Visual ICL Demo Selection
🔗 Source: arXiv
Learning to Select Visual In-Context Demonstrations
🚀 Technical Novelty
- Mechanism: A Dueling DQN agent equipped with a query-centric Transformer Decoder sequentially constructs demonstration sets by optimizing for downstream MLLM accuracy (negative MAE reward).
- Nuance: Shifts from static, similarity-first kNN retrieval to a dynamic RL policy that explicitly trades visual redundancy for label-space diversity and regression boundary coverage.
💡 Yield
- LSD significantly outperforms kNN on objective visual regression benchmarks (e.g., UTKFace, KADID-10k) while kNN remains optimal for subjective preference tasks.
- The learned policy generalizes across unseen MLLMs (Gemma, Qwen, Phi) and exhibits emergent label-awareness despite receiving no explicit label supervision during training.

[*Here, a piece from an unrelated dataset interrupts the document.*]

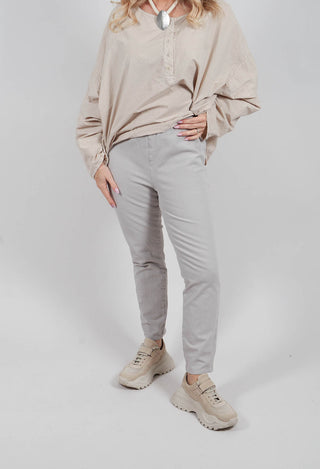 Hesidiot Trousers in Kiesel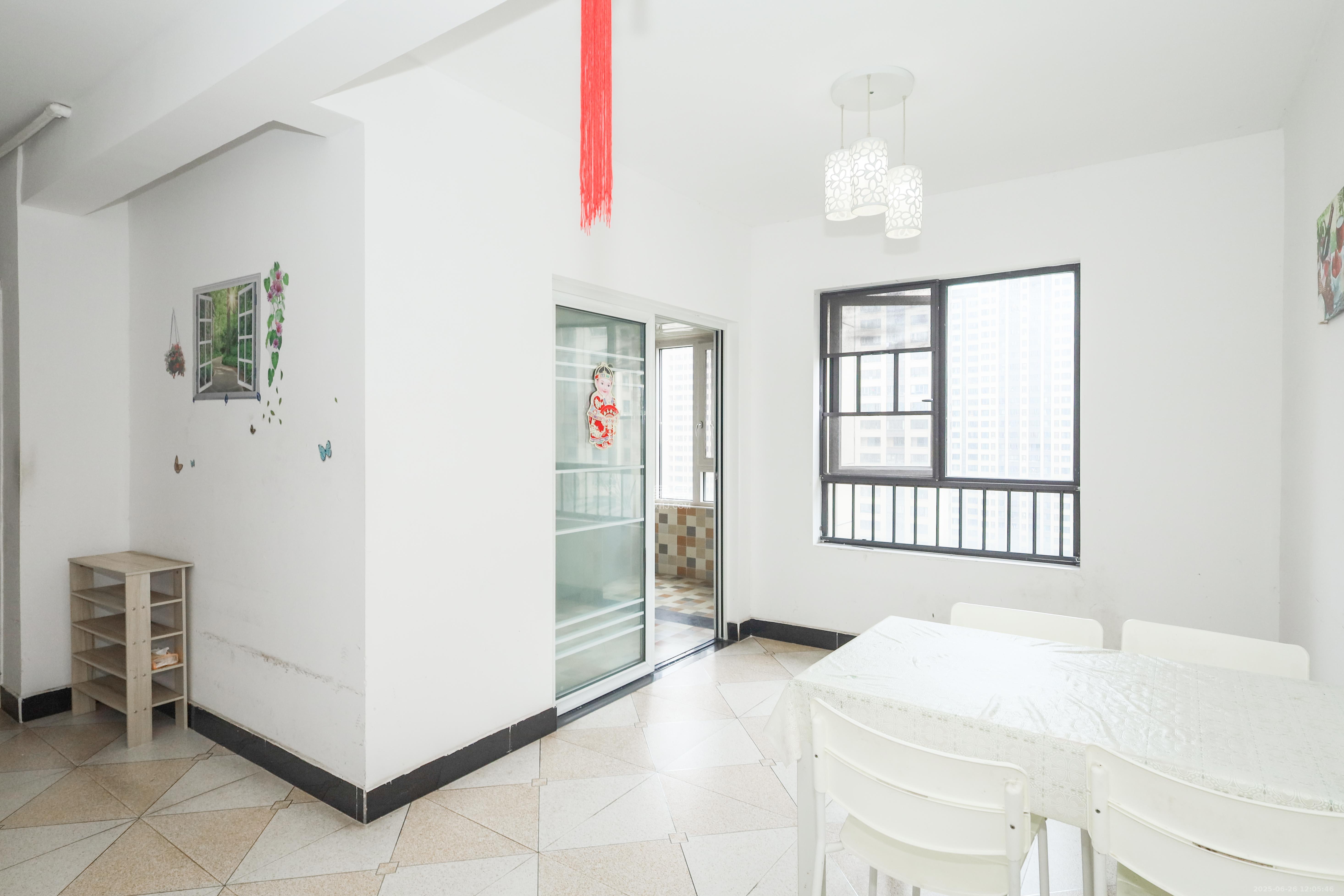 惠天然梅岭国际 3室2厅2卫 130.0万 惠天然梅岭国际 3室2厅2卫 130.0万其他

- Empirical analysis confirms the set of selected demonstrations matters far more than their sequential order for downstream performance.
⚠️ Limitations
- The diversity-seeking policy can introduce unnecessary variance for subjective preference tasks, where strict visual similarity (kNN) remains superior.
- Performance gains are task-dependent, requiring careful reward design to avoid over-optimizing for specific regression boundaries rather than general ICL robustness.